Einstellen der Achsgeometrie an Lkw
Eine korrekt eingestellte Achsgeometrie sowie ein ‚gerader‘ Rahmen sparen Kraftstoff und minimieren den Reifenverschleiß. Ein optimales Ergebnis erhält man, wenn man ziehende und gezogene Einheit gemeinsam vermisst. Bild: Josam
Zurück in die Spur

Tipps zum Vermessen und Richten von Lkw- und Trailerrahmen

Im Transportgewerbe weht ein scharfer Wind. Damit sich das Geschäft wirtschaftlich gestaltet, kontrollieren viele Speditionen die Fahrzeugkosten ganz genau. Im Fokus stehen speziell der Kraftstoffverbrauch und die Reifenkosten. Einen wesentlichen Einfluss auf diese beiden Faktoren hat neben einer perfekt eingestellte Fahrwerks- und Achsgeometrie vor allem ein ‚gerader‘ Rahmen.

Warnzeichen

Fahren sich die Reifen an der Zugmaschine oder am Trailer ungleichmäßig ab oder verschleißt das Profil ungewöhnlich schnell? Bemängelt der Fahrer bei seinem Lkw oder Hängerzug ein seltsames Fahrverhalten und muss er permanent Lenkkorrekturen vornehmen, um in der Spur zu bleiben? Hat sich der Kraftstoffverbrauch im Laufe der Zeit aus unerklärlichen Gründen merklich erhöht? Oder ist sich der Lkw-Lenker nicht sicher, ob Sicherheitssysteme wie der Notbremsassistent oder der Spurverlassenswarner ordnungsgemäß funktionieren? Lassen sich eine oder gar mehrere dieser Fragen mit einem ‚Ja‘ beantworten, ist es höchste Zeit für eine Überprüfung der Fahrwerksgeometrie. Je nach Ergebnis kann es eventuell sogar notwendig sein, den Rahmen zu vermessen – und gegebenenfalls fachgerecht zu richten. Denn neben einer fehlerhaften Achseinstellung kann auch ein verzogener Rahmen für die obigen Beanstandungen verantwortlich sein.

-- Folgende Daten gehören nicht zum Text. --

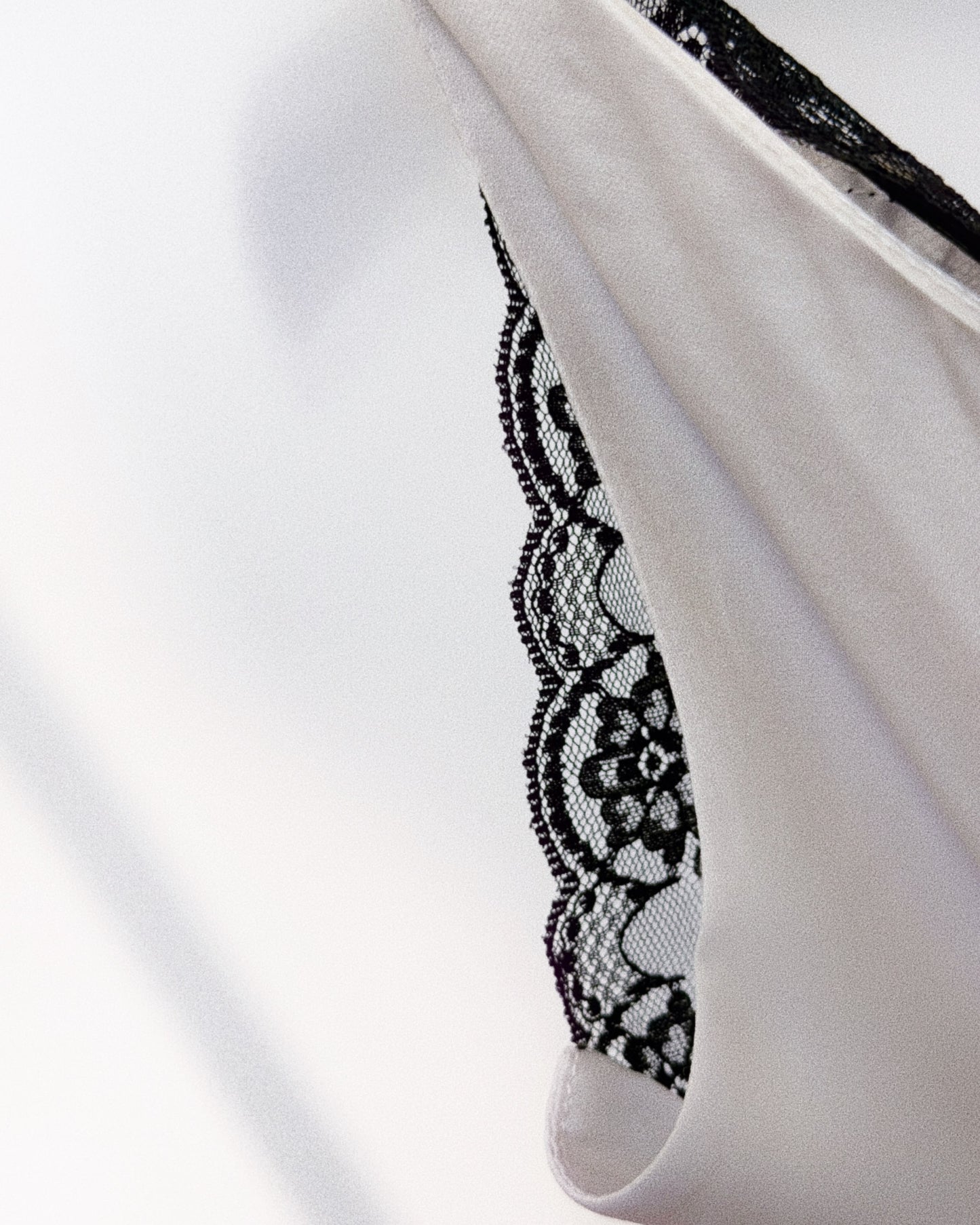 aalis VAFA v neck lace camisole (Ecru)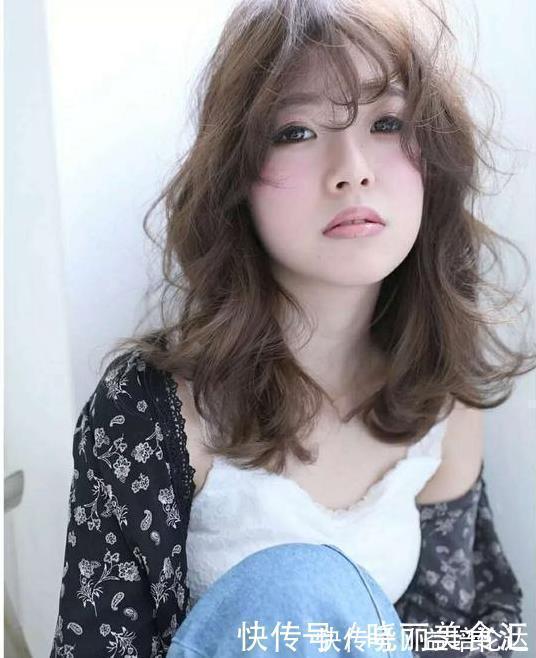 蓬松度|40岁的国字脸女性适合什么样的发型?短发减龄显瘦,中发有女人味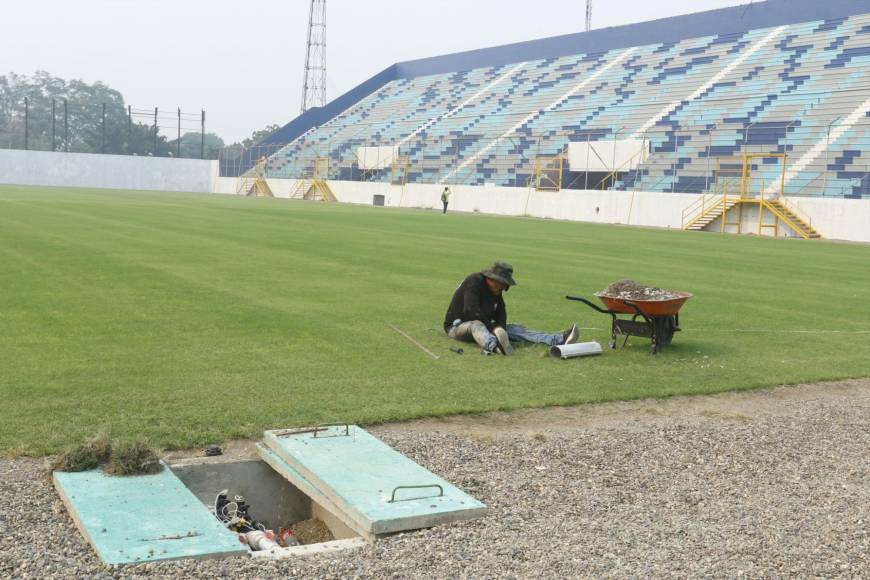 El Estadio Morazán ya se pintó, se está puliendo la grama y se acerca la reapertura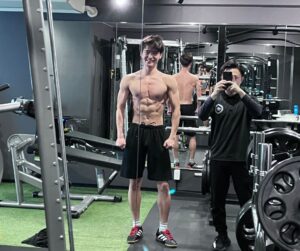 山岸さんとトレーナーの写真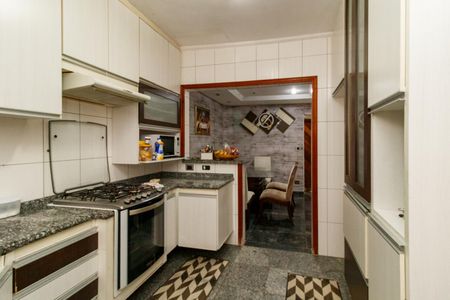 Casa à venda com 110m², 3 quartos e 1 vagaCozinha e Copa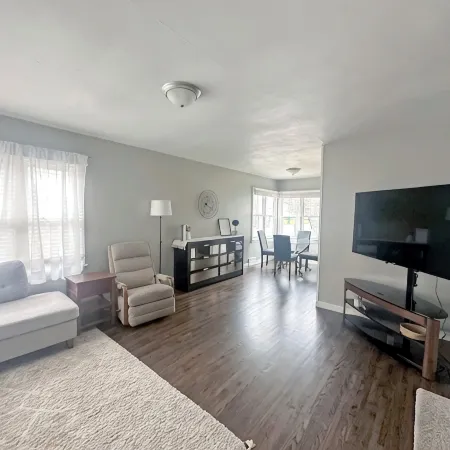 Cozy 2-bedroom apartment in Central Bismarck
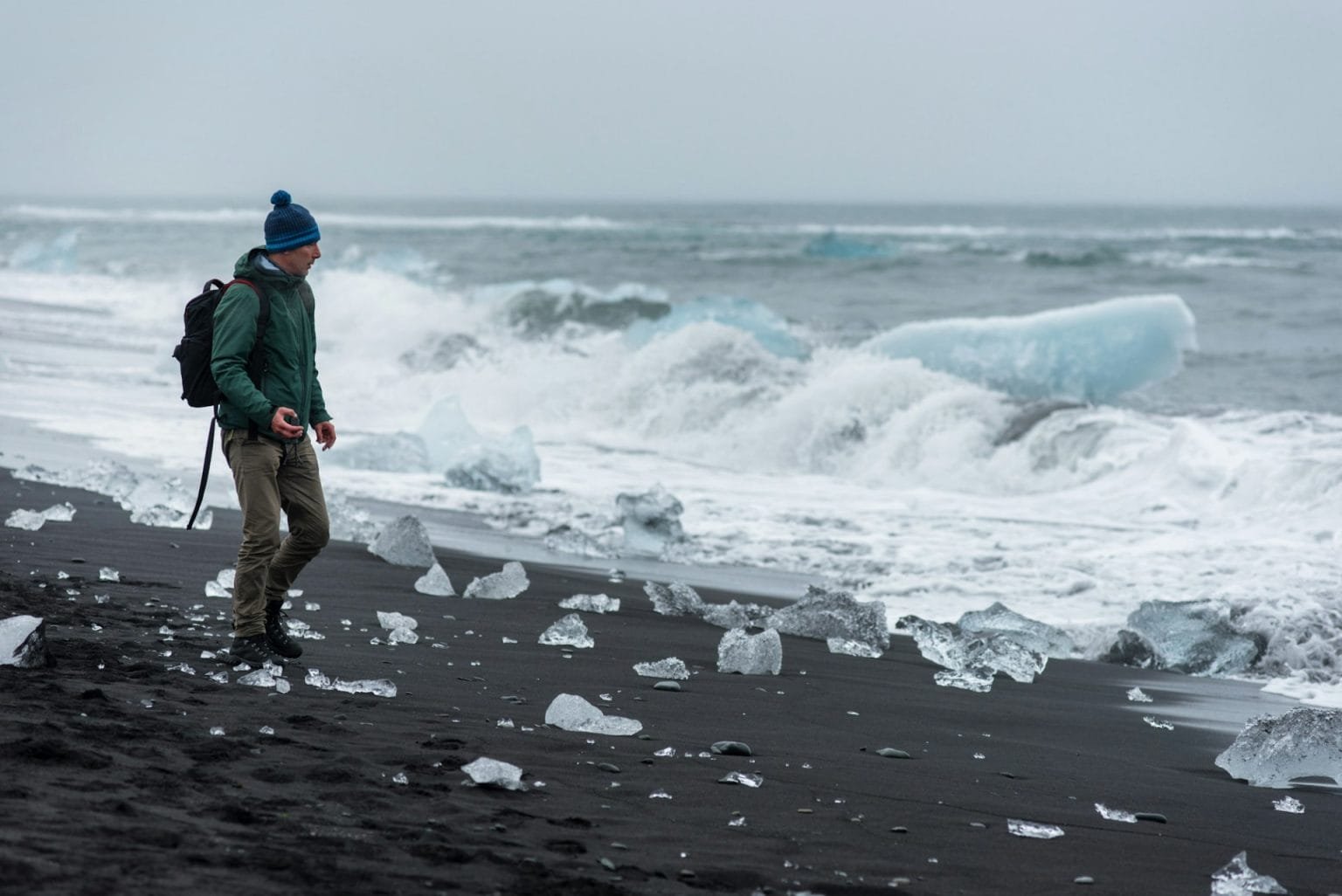 Diamond beach in Iceland on the Atlantic ocean coast. Icebergs from Jokulsarlon glacier lagoon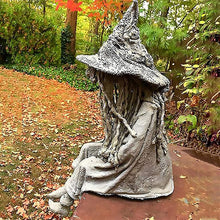 Load image into Gallery viewer, Halloween Witch Ghoul Solar Energy Lamp
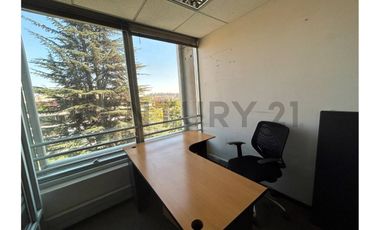 SE ARRIENDA OFICINA EXCELENTE SECTOR VITACURA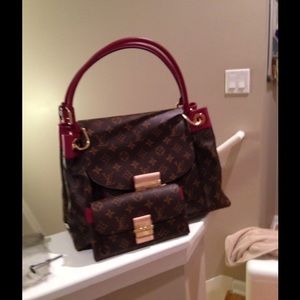 Louis Vuitton (3) Just Sharing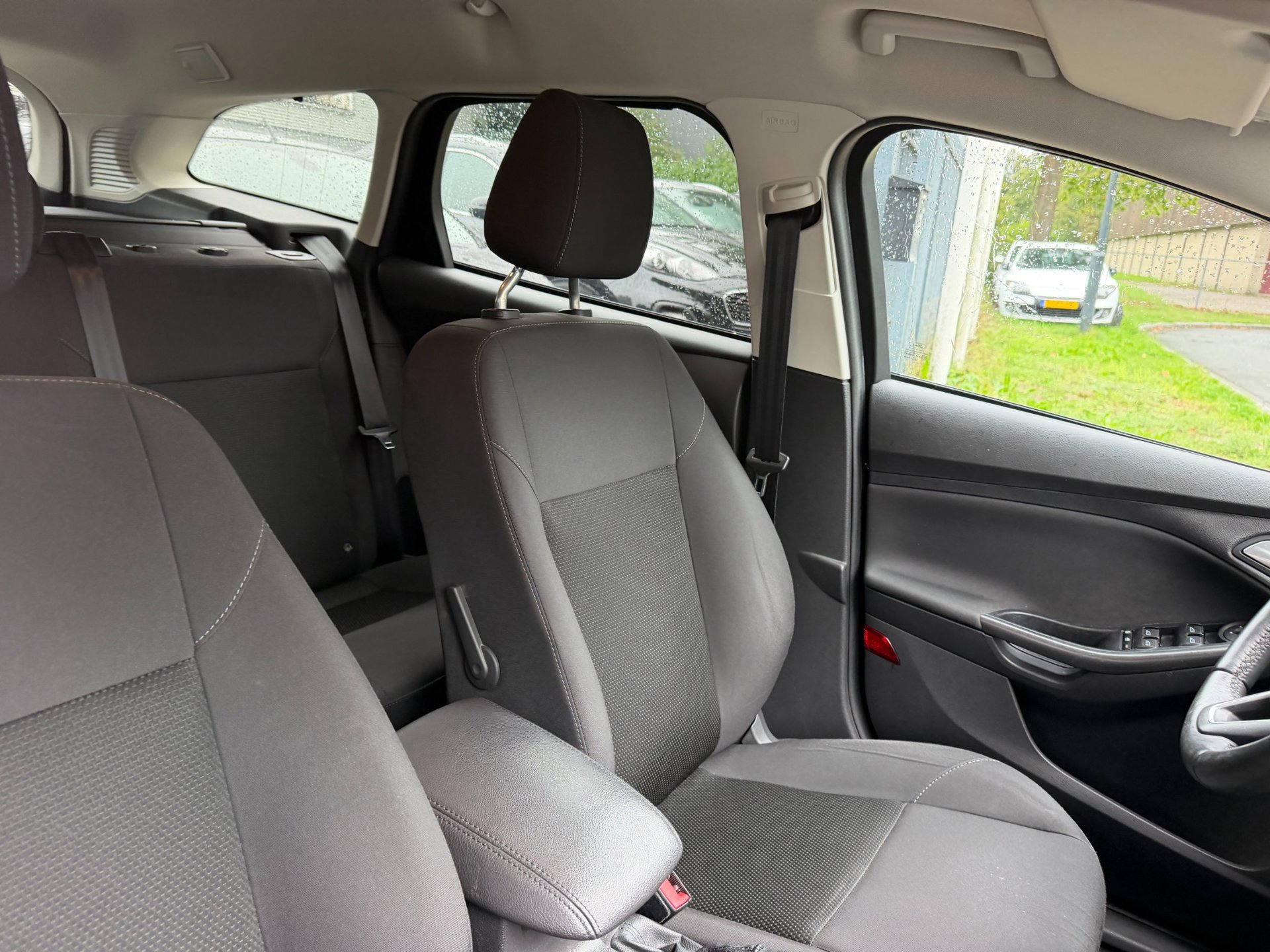 Ford Focus Wagon 1.0 EcoBoost Titanium Business 1e (2018), foto 57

Fehlerbilder Achsenfehlstände
Selbst geringe Achsenfehlstände können sich gravierend auswirken und die Fahrsicherheit beeinträchtigen. Die Grafik zeigt in der Praxis häufig anzutreffende Fehlerbilder. Bild: Josam

Die ‚goldene Mitte‘

Ob ein Rahmen krumm ist, die Achse schief steht oder sich einfach nur die Fahrwerksgeometrie – aus welchen Gründen auch immer – über die Zeit verändert hat, verrät am sichersten eine Komplettvermessung des Fahrzeugs. Bei einem Gespann sollte immer die ziehende zusammen mit der gezogenen Einheit vermessen werden.

Wie beim Pkw, wo die Vier-Rad-Vermessung üblich ist, wird auch bei Nutzfahrzeugen die Ausrichtung sämtlicher Achsen mit einem Laser- oder Kameramesssystem von der Hinterachse ausgehend geprüft, also auf Basis der Rahmenmittellinie, der sogenannten geometrischen Fahr- oder Schubachse. Neben üblichen Werten wie Spur, Sturz, Nachlauf, Spreizung, Spurdifferenzwinkel und Lenkeinschlag sollte der Werkstattfachmann je nach Beanstandung auch noch weitere Parameter, etwa die Rollrichtung der Räder und den Achsenschrägstand, ermitteln, um ein möglichst genaues Gesamtbild zu bekommen.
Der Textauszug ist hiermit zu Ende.